When twins know they are two individuals, who may look alike, or may be similar in nature in certain things, they can better handle twinship tensions, feel secure in who they are, and be less triggered by their co-twin's actions and behaviours.
While challenges may occur, as in all relationships, having a strong sense of self and feeling confident in who they are as a person, not just as a twin, will help reduce tension and rivalry.
5. Manage twin expectations: 2 of everything isn’t a solution
Building on the previous 4 strategies, Managing Expectations is a culmination of how twins can expect others to interact with them, and around them.
Many twin parents resort to getting 2 of everything to avoid arguments and fighting. While this can work as a band-aid in the first couple of years, it has 2 main underlying problems that will manifest later in life as bigger issues.
First, it sends the twins a very clear message stating, “You are the same.” As we’ve uncovered already, this isn’t true.
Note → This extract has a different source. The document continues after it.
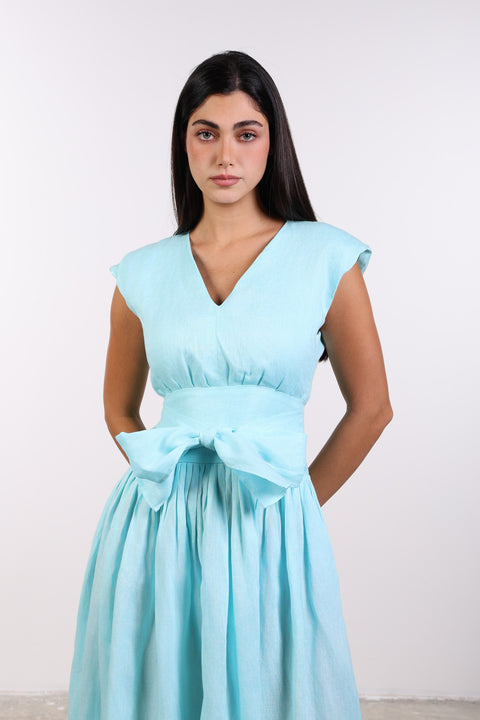 LINEN BOW MAXI DRESS — WOMENS TEAL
Twins are 2 individuals, and they deserve our acknowledgment, and even more so, our affirmation of this truth. It will help them anchor in their sense of identity. So, by giving 2 of everything, whether it’s clothes, toys, food, forms of affection, or presents, twins will internalise this as “the right way” of being, and any deviation from sameness is not okay. Then, when they would like to explore personal interests or ideas, they may lack the confidence to do so. They might only do things in tandem to maintain fairness and equality in their relationship. Giving up on their desires and interests can lead to resentment and frustration, which will build up and manifest in anger bursts and fighting.
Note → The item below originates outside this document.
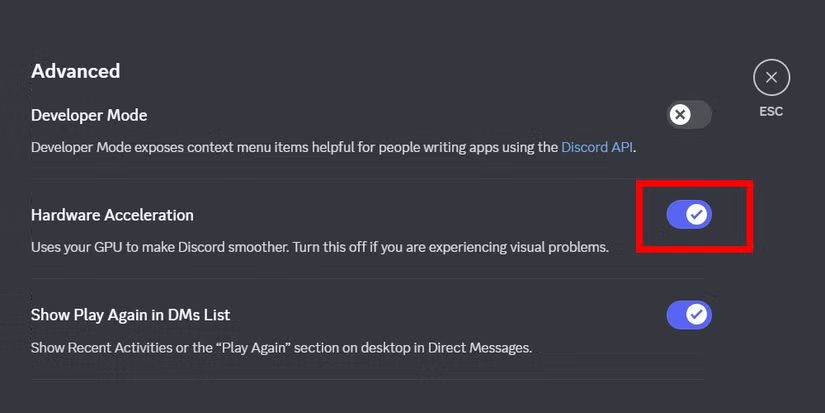 disabling-hardware-aceleration-in-discord خطوات بث PS5 على Discord ومشاركة لعبك مع الأصدقاء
Second, by giving 2 of everything, we essentially condition twins to expect having 2 of everything at all times. So if one gets something, they will assume another identical object will be produced for them. After all, that is the way we do things in here...
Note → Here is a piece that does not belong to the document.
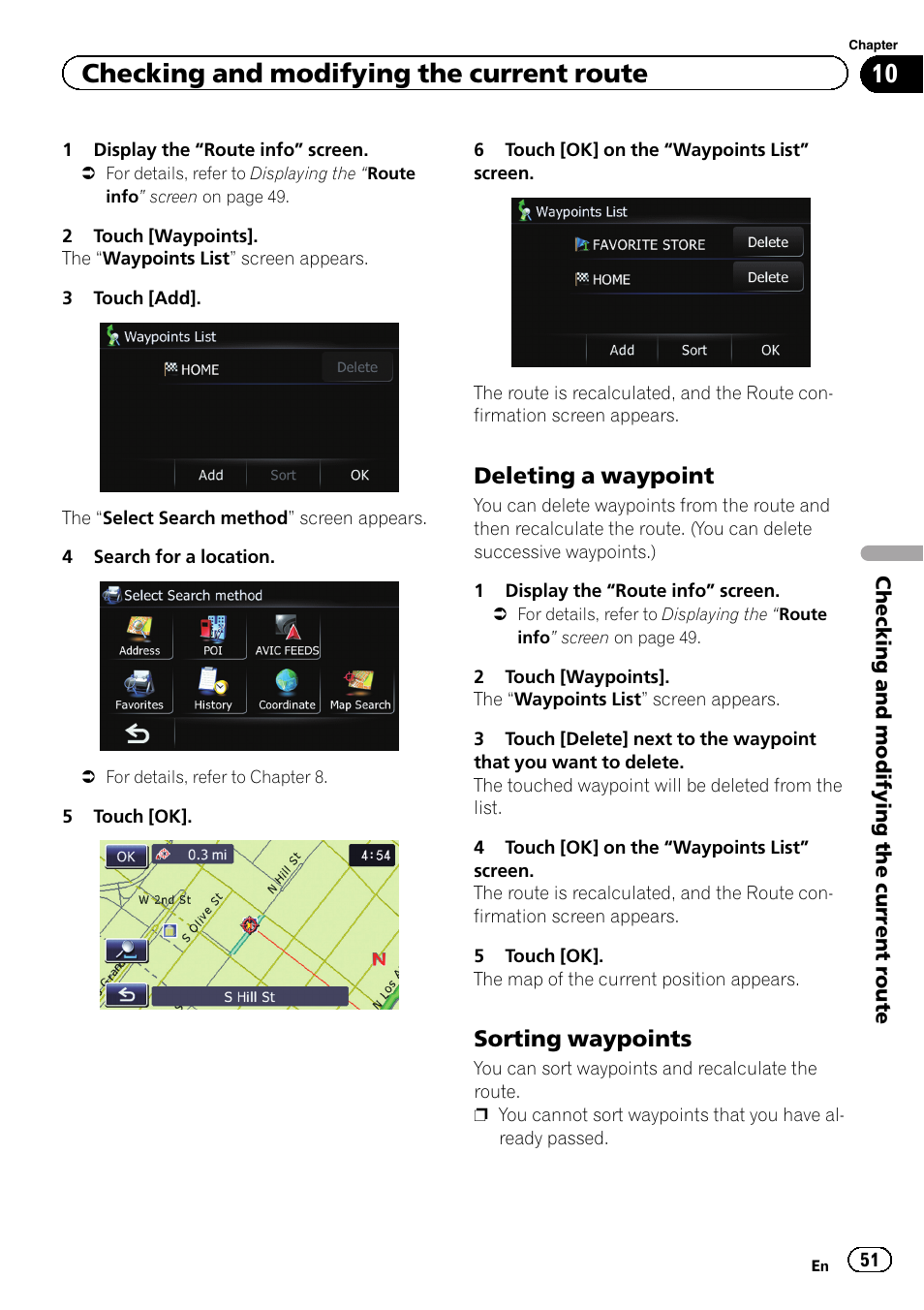 Deleting a waypoint 51, Sorting waypoints 51, Checking and modifying the current route | Deleting a waypoint, Sorting waypoints | Pioneer 2010 NAVIGATION UPGRADE SD-CARD CNSD-130FM User Manual | Page 51 / 144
This expectation isn’t realistic. Not only is it hard to maintain at home at all times, it will not be met elsewhere (daycare, school, playground, playdates, etc..). This can be rather difficult for twins to have to deal with this disappointment. Because by giving them 2 of everything, they never get the opportunity to learn to deal with feeling let down, with being upset, with not having what their co-twin has. It is unfair to expect twins to magically learn how to deal with this situation at late toddlerhood or early childhood. Singletons get to experience this challenge early on. It’s a natural learning process. However, twins bypass this lesson when we choose conflict-aversion over a natural development process.
Understandable as it may be, we are not doing twins a favour by avoiding them fighting over things. We delay an organic learning process, and we may make things more challenging later on. Moreover, we are enhancing a strong sense of sameness and unity in their identity, which can be somewhat challenging to address later in life, as it becomes part of their personality make-up.
So, by managing micro-conflicts over toys (by not offering 2 of everything, promoting problem-solving skills, offering one-on-one time, and giving twins things of their own), we can reduce conflict and fighting in the long run. We help twins strengthen the muscles of facing challenges, dealing with disappointment, while also fostering a healthy sense of individuation and ownership. Twins do not have to share everything, let alone have identical clothes, toys, and experiences, lest they feel jealous and upset. Learning they are special for being twins, but no less special for being themselves, will help them feel secure in who they are, better face challenges, and reduce conflict.